Task statement >> Reproduce, exactly and in full, the lines from the one with "Redline Semi-Italic Version" through the one with "Print High Low Kimono Solid Grey Georgette" in the data below; drop pictures.

Input records >>
---+---

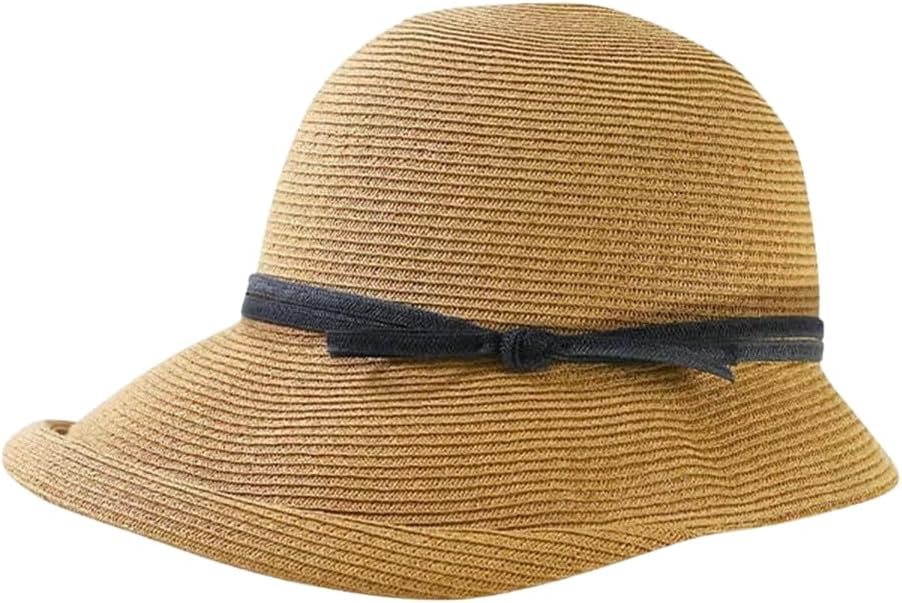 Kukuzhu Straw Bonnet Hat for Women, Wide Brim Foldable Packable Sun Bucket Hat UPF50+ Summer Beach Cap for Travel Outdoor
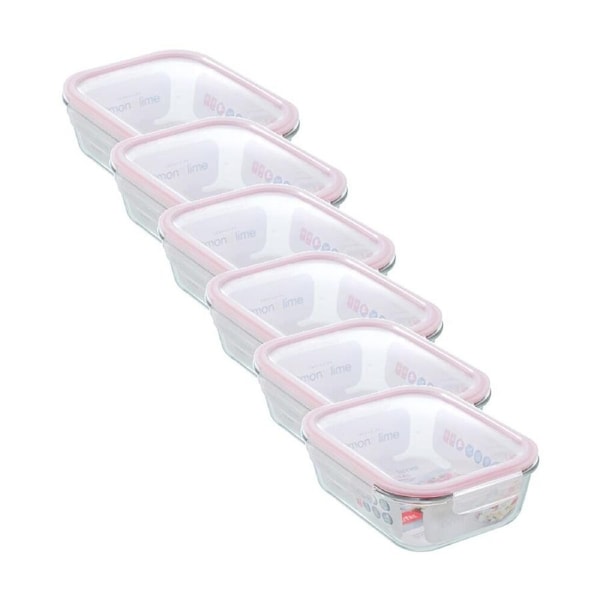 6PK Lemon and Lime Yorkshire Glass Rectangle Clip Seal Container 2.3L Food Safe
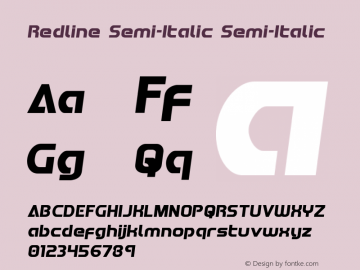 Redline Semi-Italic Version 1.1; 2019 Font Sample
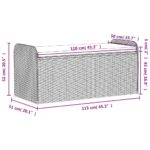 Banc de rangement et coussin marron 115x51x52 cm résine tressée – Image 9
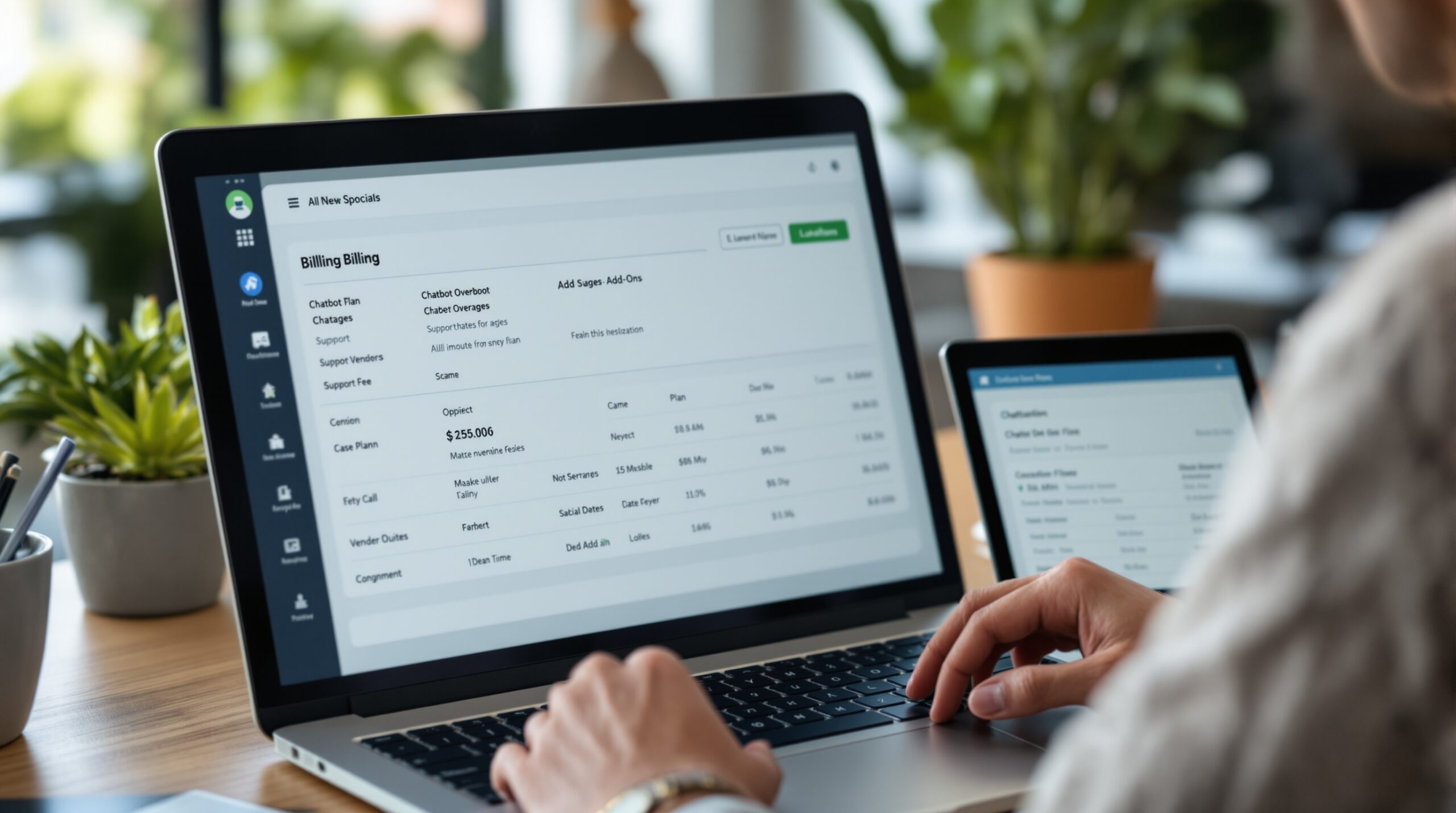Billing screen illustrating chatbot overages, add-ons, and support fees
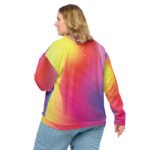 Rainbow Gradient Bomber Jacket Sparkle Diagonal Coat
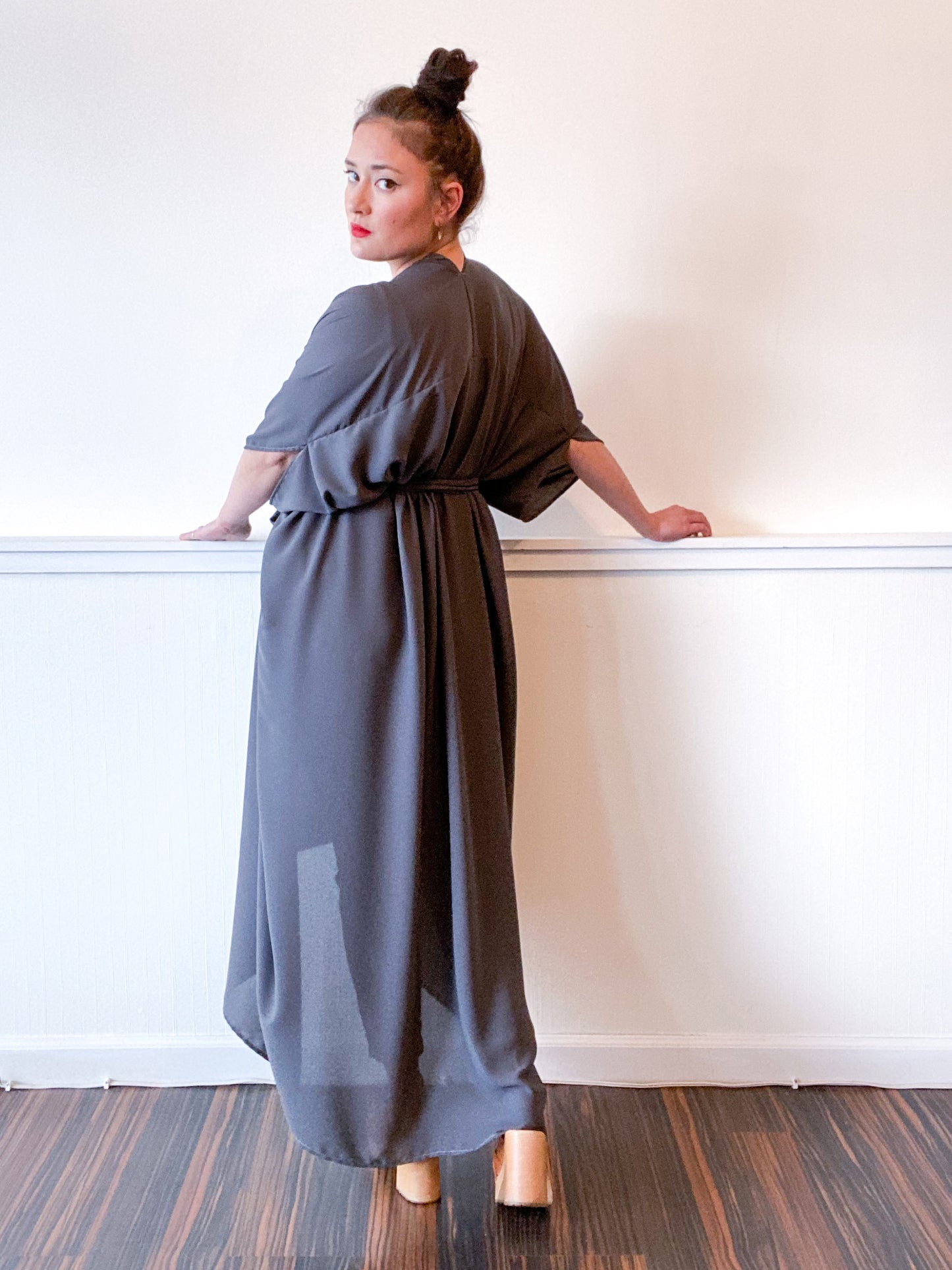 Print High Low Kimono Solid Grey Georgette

---+---

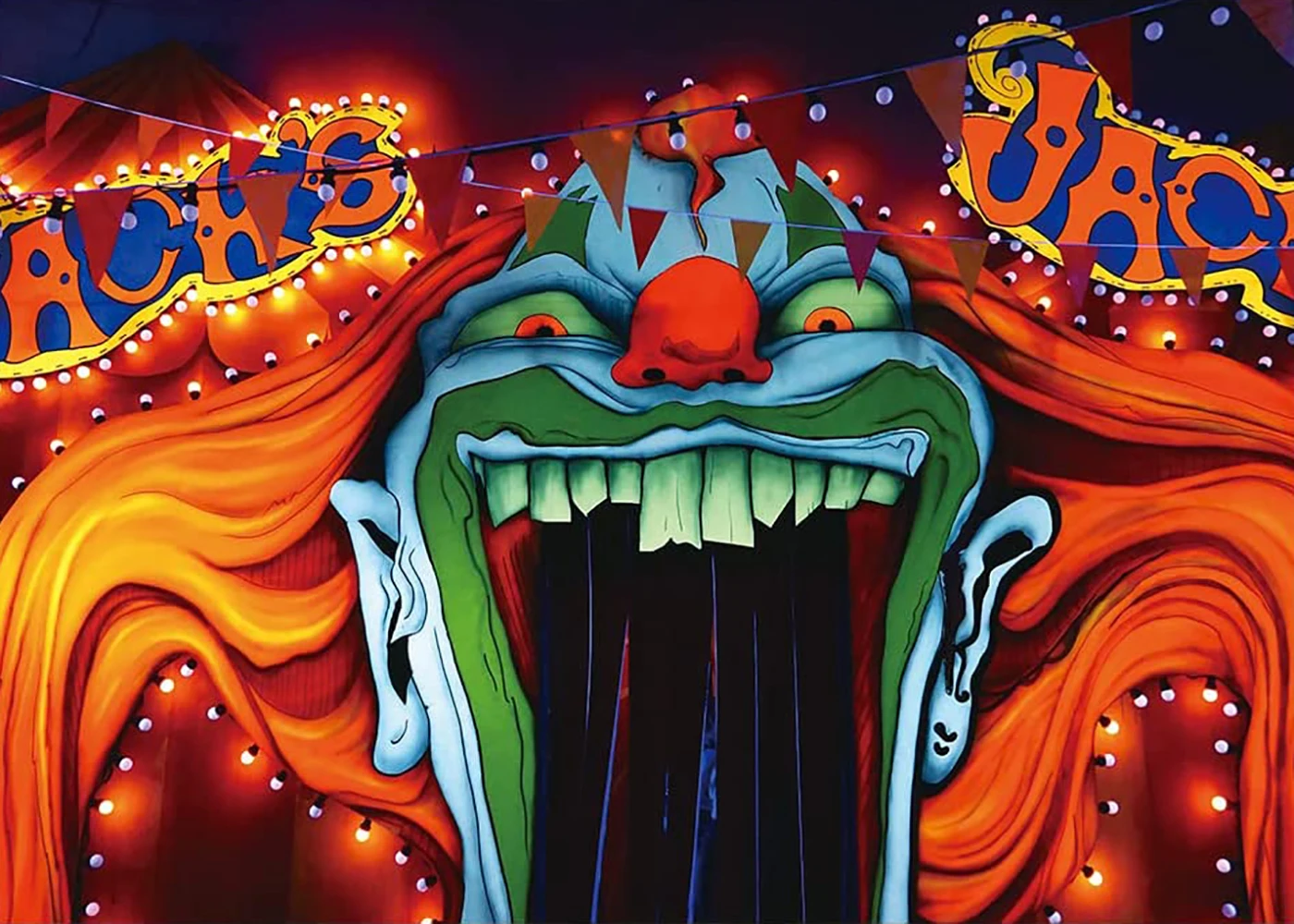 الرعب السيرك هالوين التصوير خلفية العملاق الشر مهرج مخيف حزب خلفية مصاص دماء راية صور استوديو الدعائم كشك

---+---

Result of the task >>
 Redline Semi-Italic Version 1.1; 2019 Font Sample
 Banc de rangement et coussin marron 115x51x52 cm résine tressée – Image 9
Billing screen illustrating chatbot overages, add-ons, and support fees
 Rainbow Gradient Bomber Jacket Sparkle Diagonal Coat
 Print High Low Kimono Solid Grey Georgette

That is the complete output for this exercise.